AVAILABLE DATA =

[Start of section]

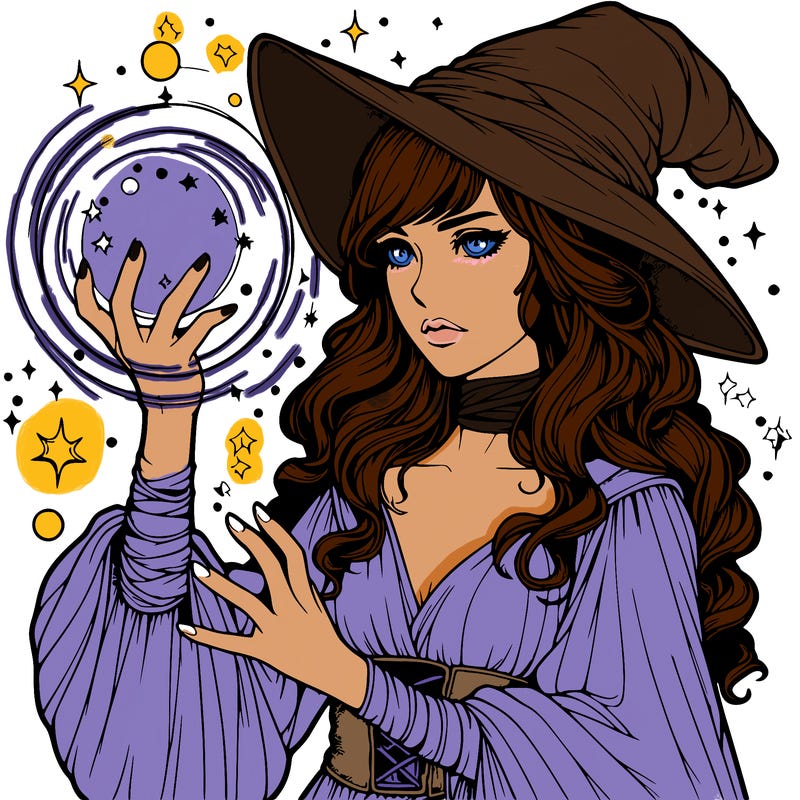 realistic women sorcerer using magic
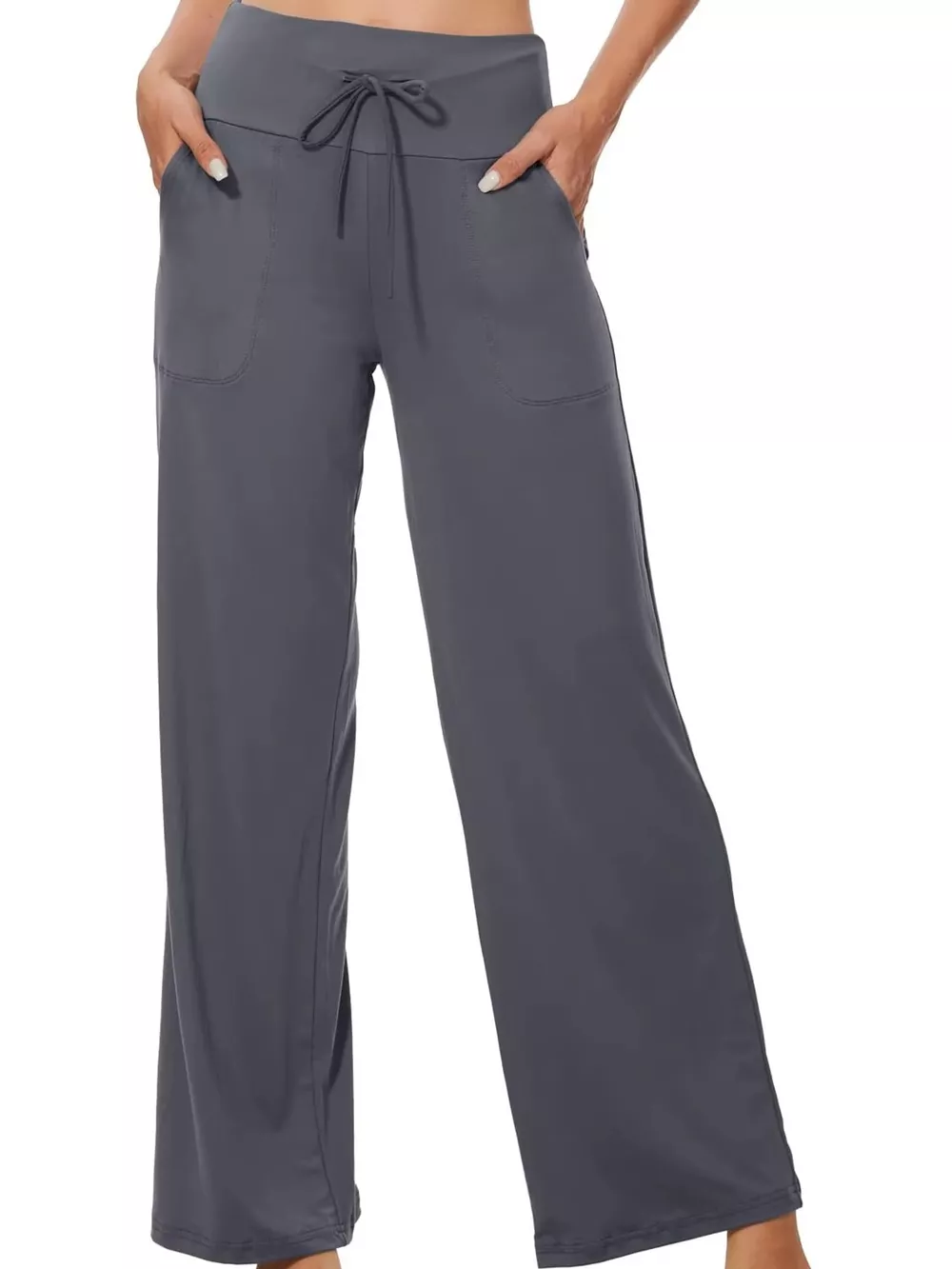 High-Waisted Wide-Leg Lounge Bottoms with Pockets, image 8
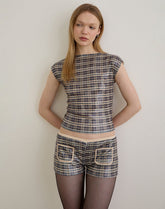 Serafim Short in Sequin Vintage Check Brown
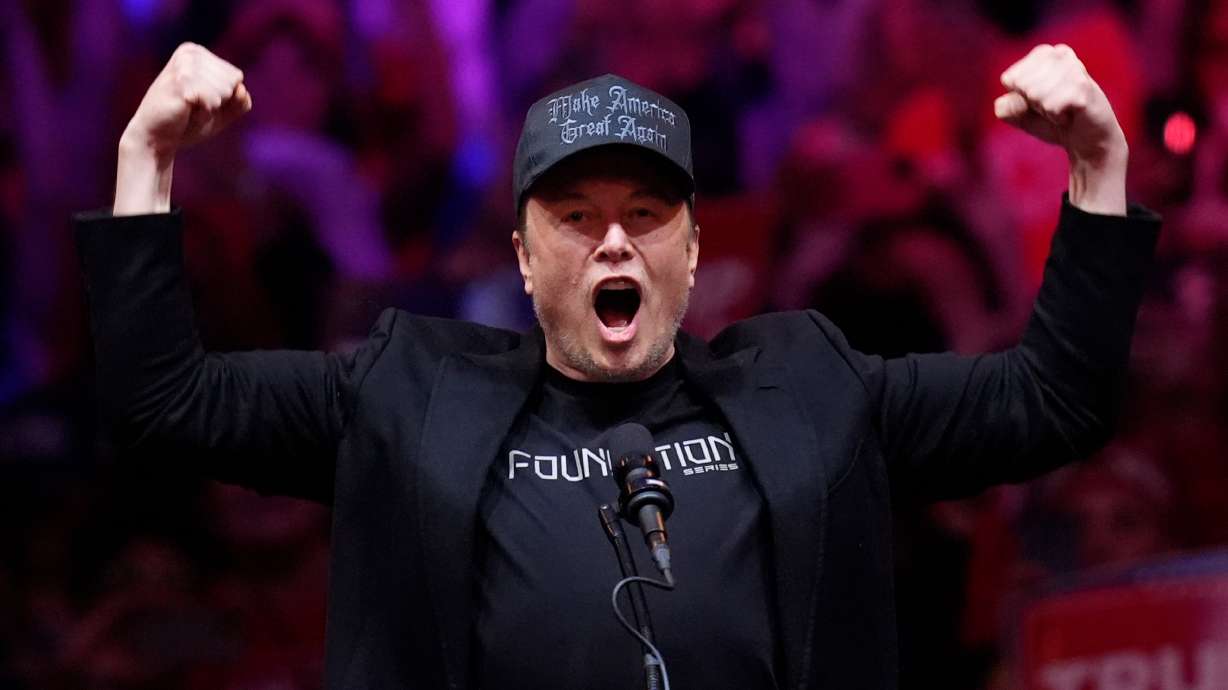 Elon Musk speaks before President-elect Donald Trump at a campaign rally at Madison Square Garden, Oct. 27 in N.Y. Utah Sen. Mike Lee spoke about his relationship with the Tesla and SpaceX CEO recently.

[End of section]

PROMPT = Without including a single picture, restate all of the data word for word.

YOUR SOLUTION =
 realistic women sorcerer using magic
 High-Waisted Wide-Leg Lounge Bottoms with Pockets, image 8
 Serafim Short in Sequin Vintage Check Brown
 Elon Musk speaks before President-elect Donald Trump at a campaign rally at Madison Square Garden, Oct. 27 in N.Y. Utah Sen. Mike Lee spoke about his relationship with the Tesla and SpaceX CEO recently.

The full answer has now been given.